I was told that a strongly correlated system is such that Fermi liquid theory fails, or a single-particle picture doesn't work. So, there is no energy band for a strongly correlated system.

So, I would like to know:

  1. Whether it's a good definition (single-particle fails)? Considering we always use ARPES to test high-$T_c$ superconductors, where ARPES focuses on the energy band.
  2. Is a traditional BCS superconductor a strongly correlated system? I'm not sure about this.
  3. Why it is called a strongly correlated system? Is there any relation with the correlation function? (For, I know that at a phase transition, the correlation length tends to diverge, but is that related?)



2 Answers 2


(1) Your definition of strongly correlated system is correct "single-particle fails." We can still use ARPES to study strong correlated systems, we just do not see features that would be present in a weakly correlated system. The most prominent feature in a weakly correlated system is a sharp peak at certain energy and momentum. If you track this peak in energy as a function of momentum using ARPES you have essentially measured the energy band. In strongly correlated systems this peak is not sharp. The precise definition of sharp is that it has a delta-function component to it (at least in theory).

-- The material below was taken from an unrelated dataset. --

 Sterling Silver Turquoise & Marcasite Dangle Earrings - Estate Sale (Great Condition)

(2) BCS SC is not a strongly correlated system. There are still energy bands in a BCS SC it is just that the energy bands do not describe electrons. The energy bands of a BCS SC tell you something about the SC quasiparticles called Bogoliubov quasiparticles. One interesting thing about Bogoliubov quasiparticles is that they carry non-integer charge.

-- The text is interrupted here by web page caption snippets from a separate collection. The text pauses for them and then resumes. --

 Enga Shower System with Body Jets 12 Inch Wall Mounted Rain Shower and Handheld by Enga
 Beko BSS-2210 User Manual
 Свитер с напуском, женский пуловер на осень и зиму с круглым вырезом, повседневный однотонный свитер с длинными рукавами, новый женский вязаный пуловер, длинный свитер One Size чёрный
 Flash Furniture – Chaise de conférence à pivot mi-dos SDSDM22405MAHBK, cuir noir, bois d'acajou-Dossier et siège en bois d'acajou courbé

(3) The "strongly correlated" refers to the interacting nature of the system and the fact that there is no single-particle description. If you excite a strongly correlated system in two steps, the excitation you make in the first step will effect which excitations you can make in the second step in a highly non-trivial way. The excitation you add first has a strong influence on the system and rearranges everything. In contrast, in a band metal you can add an electron at momentum $\mathbf{k}$ and the bands do not shift. You can then add another electron at momentum $\mathbf{k}'$ and its properties can be understood in terms of the original bands, i.e., the bands that were there before you added the electron at momentum $\mathbf{k}$.

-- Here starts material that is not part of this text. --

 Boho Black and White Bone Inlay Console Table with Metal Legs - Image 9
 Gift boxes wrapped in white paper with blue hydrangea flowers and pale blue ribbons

Now, based on my current understanding, I would like to answer my question as:

Any system described by Hamiltonian that is not quadratic is a strongly correlated system. Examples are: Fermi-Hubbard model with non-zero interaction:

$$H = J\sum_{j,\sigma} c_{j,\sigma}^\dagger c_{j+1,\sigma} + \text{h.c.} -\mu\sum_{j,\sigma} c_{j,\sigma}^\dagger c_{j,\sigma} + U\sum_j(2n_{\uparrow}-1)(2n_{\downarrow}-1)$$

where the last term is not quadratic so it yields a strongly correlating behavior.